大相撲の八百長問題がテレビ界を襲った。NHKの定例会長会見が3日、東京・渋谷の同局で行われ、松本正之会長(66)は「従来とは別次元の重大な事態。放送するか、しないか以前の問題」と、厳しい姿勢を見せた。11日に予定していた「福祉大相撲」の中止を発表。相撲協会による今後の調査結果や対応次第で、3月の春場所の中継中止が視野にあることもうかがわせた。

 松本会長は会見の冒頭、「第44回福祉大相撲」の中止を発表した。八百長問題の影響で混乱する中、実施は困難で、開催しては視聴者の理解が得られないと判断したと明かした。

 春場所の中継についてはこれから検討するとし、明言を避けた。だが、その一方で「重大な事態。放送するか、しないか以前の問題」。さらに「従来とは次元が違う」「極めて遺憾。相撲協会の根幹の問題」と厳しい言葉を連ねた。

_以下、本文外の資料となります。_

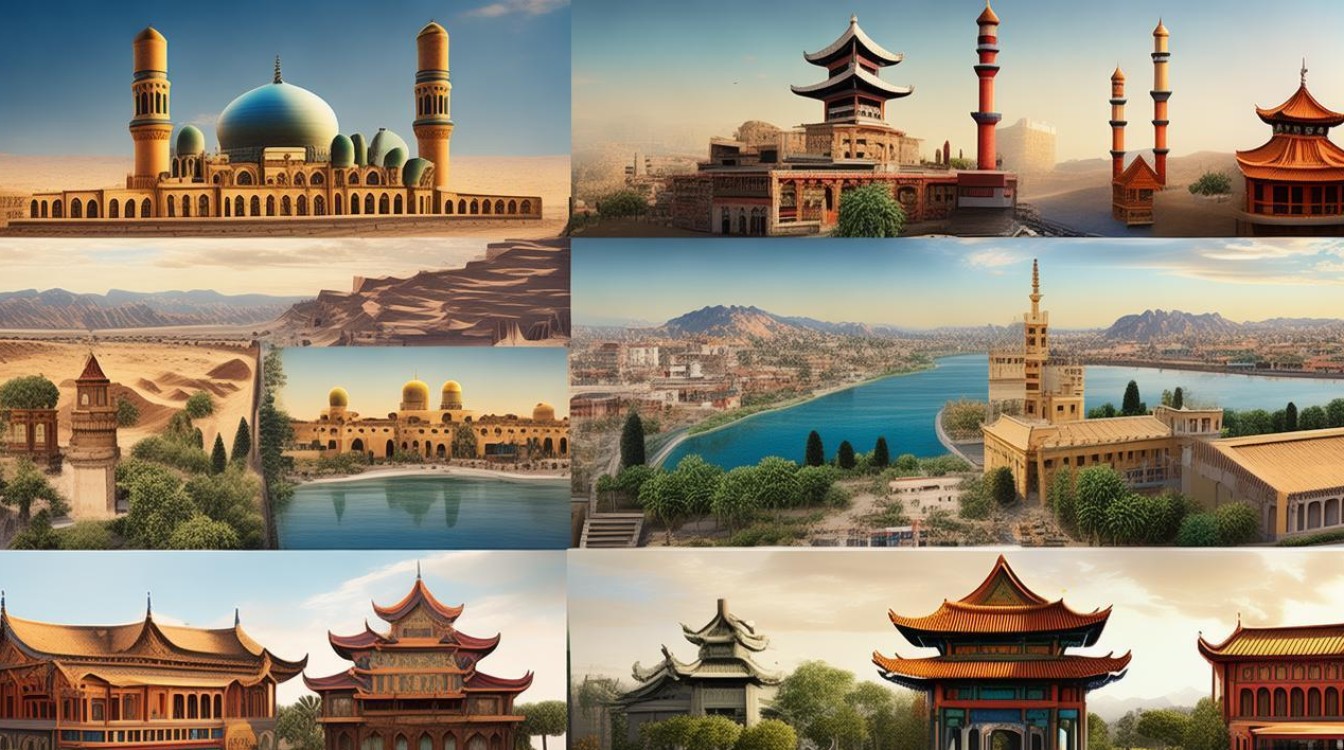 宁夏的旅游景点大全 宁夏的旅游景点大全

 昨年の野球賭博事件では、名古屋場所の生中継を中止し、ダイジェスト版で放送した。「従来とは次元が違う」「放送以前の問題」との発言には、このままでは3月の春場所の中継はできないとの強い意向を感じさせた。さらに、春場所の開催自体さえ危ぶんでいるようにも聞こえた。

 相撲協会は同問題のための特別調査委員会を設置している。松本会長は中継するか、しないかの判断時期に「調査結果を踏まえて出す」と語った。相撲協会が開催を決定した場合は「前回のこと、今回のことを踏まえ、そのときに判断する」とした。判断基準については「前回(野球賭博事件)を下敷きに、ただ、今回は(こちらの)判断以前の問題。相撲協会の判断、調査を見守って」と語った。

 NHKには、2日に問題が発覚してから3日正午までに430件の視聴者の厳しい声が寄せられた。半数は「許せない。しっかり追及してほしい」「場所の開催をやめるべき」など問題全般に関する声で、残りの半数は「中継すべきではない」という声だったという。